■ **Directions for this task**
Would you please copy all of the data exactly, skipping the images?

■ **Data**
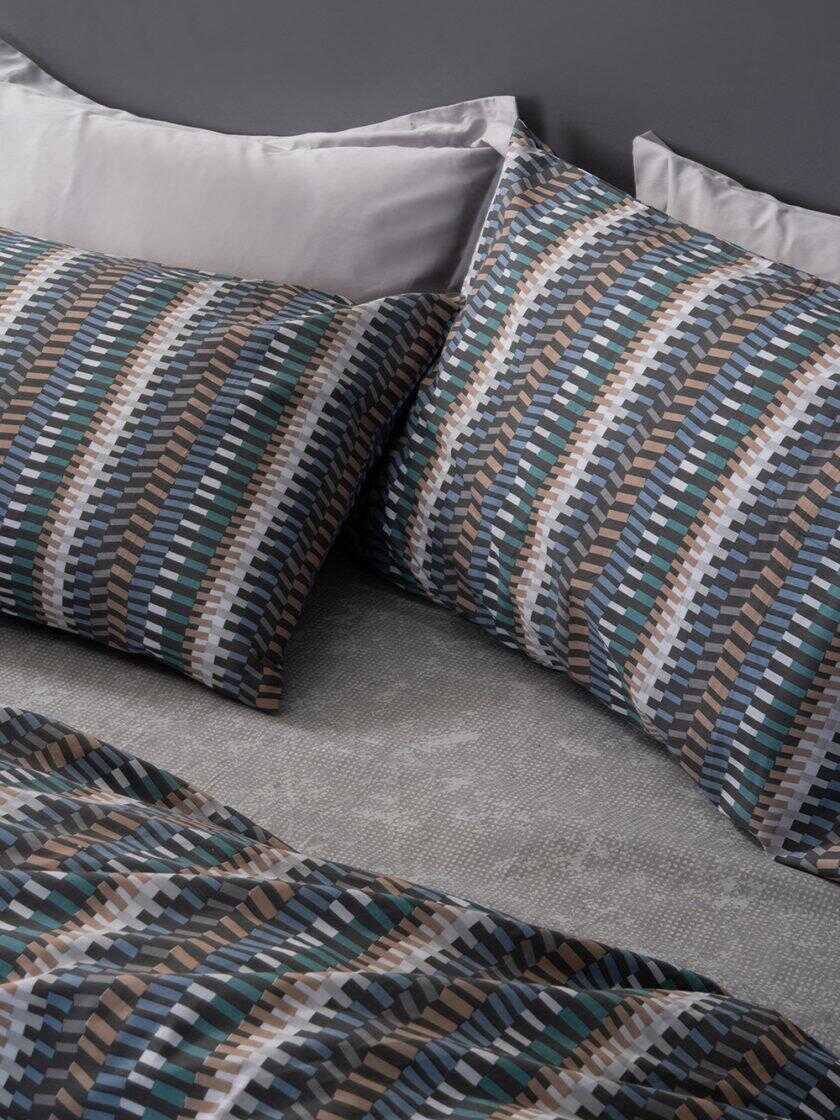 Σετ Υπέρδιπλα Σεντόνια Fashion Life 240x260 FL6131 Χωρίς Λάστιχο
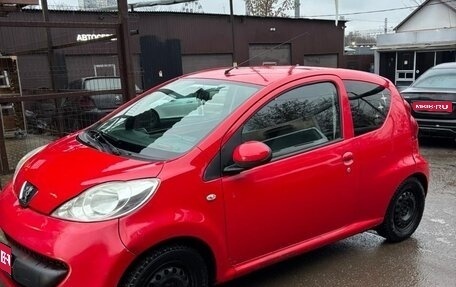 Peugeot 107 I рестайлинг, 2008 год, 410 000 рублей, 1 фотография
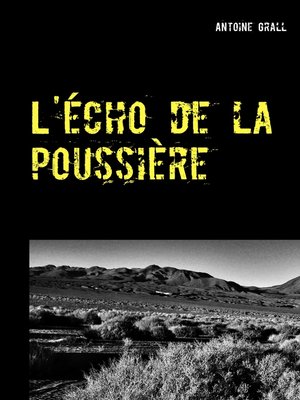 cover image of L'écho de la poussière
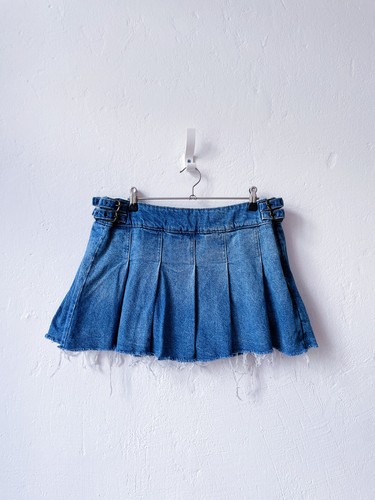 Bershka vintage jeansrock - bershka,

■ **Answer section**
 Σετ Υπέρδιπλα Σεντόνια Fashion Life 240x260 FL6131 Χωρίς Λάστιχο
 Peugeot 107 I рестайлинг, 2008 год, 410 000 рублей, 1 фотография
 cover image of L'écho de la poussière
 Bershka vintage jeansrock - bershka,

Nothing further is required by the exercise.